L’uomo che ha plasmato la visione tecnologica di Meta per un decennio ha deciso di mettersi in proprio, e il mercato ha risposto con un assegno senza precedenti. Yann LeCun, premio Turing e pioniere delle reti neurali, ha infatti raccolto oltre un miliardo di dollari per il round di debutto della sua nuova creatura, Advanced Machine Intelligence Labs (AMI Labs).
Si tratta del finanziamento “seed” più imponente mai registrato nel panorama europeo e con questo termine s’intende una fase iniziale di raccolta fondi, solitamente destinata a trasformare un’idea embrionale in un’azienda strutturata prima ancora che esistano prodotti o ricavi.
Nel caso di AMI, rappresenta un segnale inequivocabile di come i capitali stiano cercando una via d’uscita dall’attuale egemonia dei modelli linguistici.
L’interesse trasversale per LeCun
La raccolta fondi ha attirato i pesi massimi dell’industria globale. Accanto alla francese Cathay Innovation compaiono nomi come Nvidia e la Bezos Expeditions del fondatore di Amazon, insieme ai fondi sovrani di Singapore e Seul.
È una cordata trasversale che valuta la società 3,5 miliardi di dollari prima ancora che abbia immesso un solo prodotto sul mercato, confermando come la fiducia nel talento individuale di LeCun sia oggi un asset finanziario più solido di molti modelli di business consolidati.
La scommessa scientifica di AMI Labs nasce da una critica all’attuale stato dell’arte della tecnologia. LeCun sostiene da tempo che i sistemi addestrati esclusivamente sul testo, come quelli che alimentano i chatbot più diffusi, siano destinati a sbattere contro un muro evolutivo.
Non possono raggiungere un ragionamento di livello umano perché mancano di una comprensione fisica del mondo. La nuova società si concentrerà quindi sui cosiddetti “world models”, architetture capaci di apprendere attraverso dati spaziali e video, simulando la capacità di osservazione e previsione tipica dei mammiferi.
Questi modelli non si limitano a prevedere la parola successiva in una frase, come fanno gli attuali large Language model. Sono progettati invece per conservare memoria, ragionare su scenari complessi e pianificare azioni concrete nel mondo reale.
Le implicazioni industriali sono dirette e dirompenti per settori come la robotica avanzata e i trasporti autonomi, dove la comprensione delle leggi fisiche è una condizione essenziale.
Oltre la Silicon Valley
Come dichiarato dal nuovo amministratore delegato Alexandre LeBrun, l’obiettivo non è l’IA applicata nell’immediato ma una ricerca fondamentale che richiedere almeno un anno di sviluppo prima di diventare prodotto.

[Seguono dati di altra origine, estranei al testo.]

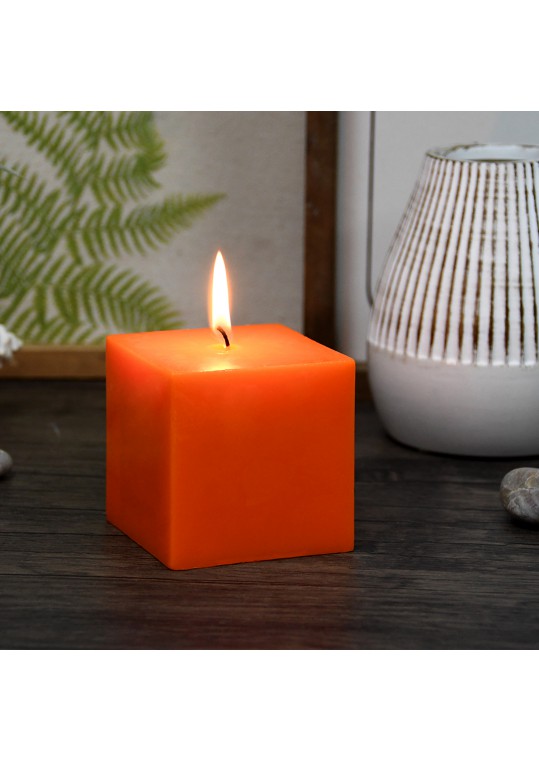 3 x 3 Inch Orange Square Pillar Candles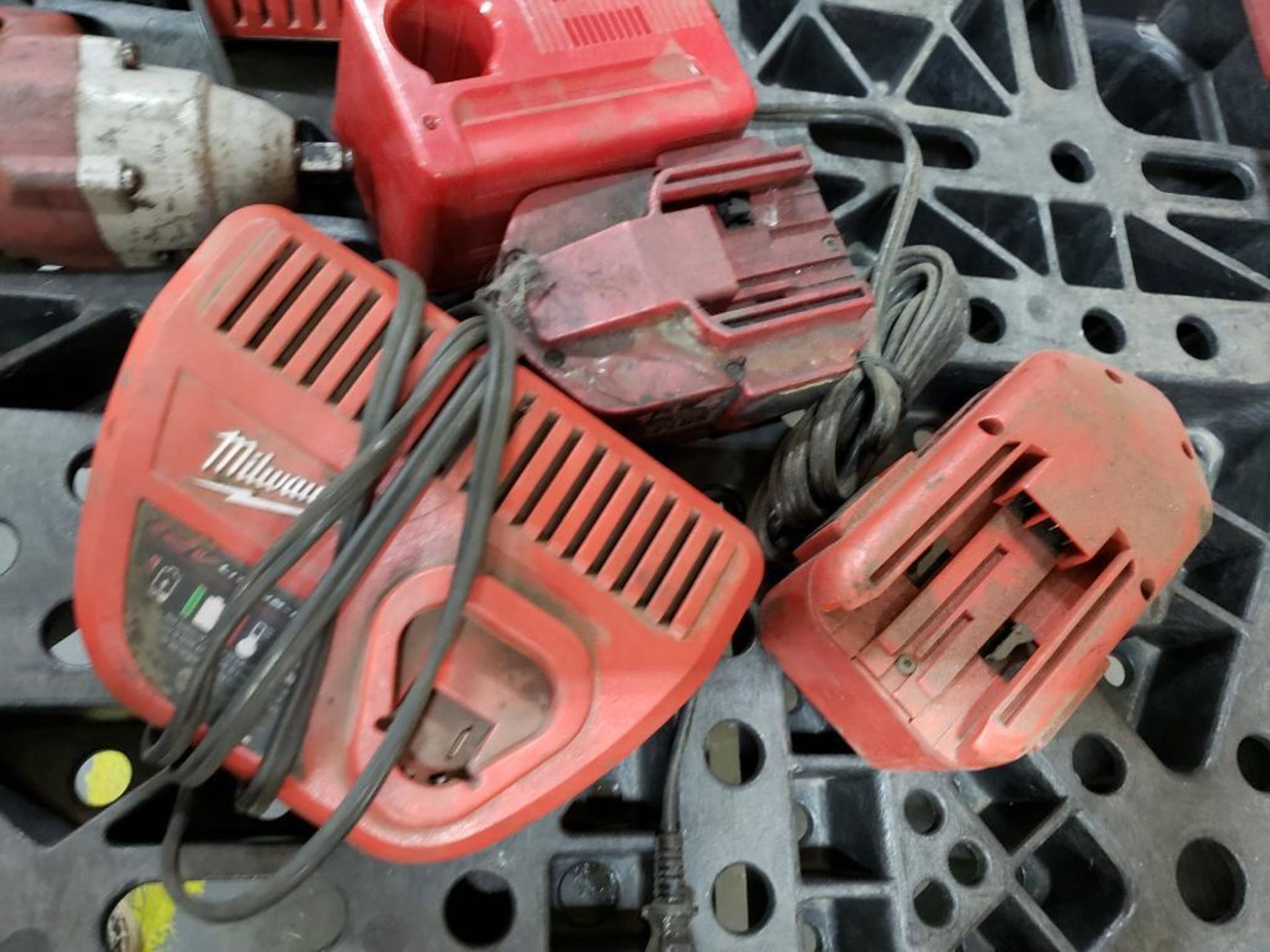 Milwaukee impact 14.4v, with assorted chargers and batteries - Image 5 of 5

Il baricentro di questa operazione non si trova però nella Silicon Valley. Con uffici distribuiti tra Parigi, New York e Montreal, AMI Labs rappresenta un caso di studio sulla decentralizzazione del talento tech.
La struttura del round riflette la volontà di costruire un’azienda globale che attinga alle eccellenze accademiche e ingegneristiche europee, spesso trascurate dai grandi flussi di capitale californiani. È una precisa scelta di politica industriale che punta a bilanciare il dominio statunitense nel settore.
Il piede nella porta di Zuckerberg
In questo nuovo assetto, il rapporto con Meta (ex casa madre di LeCun), assume una forma singolare. Il colosso di Menlo Park non figura tra i finanziatori diretti, preferendo una partnership strategica che le garantirà l’accesso alle tecnologie sviluppate per una futura commercializzazione.
È una separazione consensuale che permette a LeCun la massima libertà di manovra scientifica, mantenendo però un canale preferenziale con uno dei più grandi distributori di tecnologia al mondo.
Il panorama degli investimenti nel 2025 ha confermato l’IA come l’unica vera calamita per il venture capital globale. Con quasi la metà dei fondi mondiali destinati a questo comparto, la nascita di AMI Labs si inserisce in una serie di round miliardari che stanno interessando l’Europa, dal cloud di Nscale ai semiconduttori di Olix. La competizione insomma non è più soltanto sulla potenza di calcolo ma sulla diversificazione degli approcci teorici.
Mentre i grandi attori industriali corrono per migliorare in modo incrementale i modelli esistenti, AMI Labs sceglie consapevolmente un binario differente. Il successo di questa impresa non si misurerà sulla capacità di generare testi migliori ma sulla capacità di dare alle macchine un senso comune che oggi, concretamente, ancora non possiedono.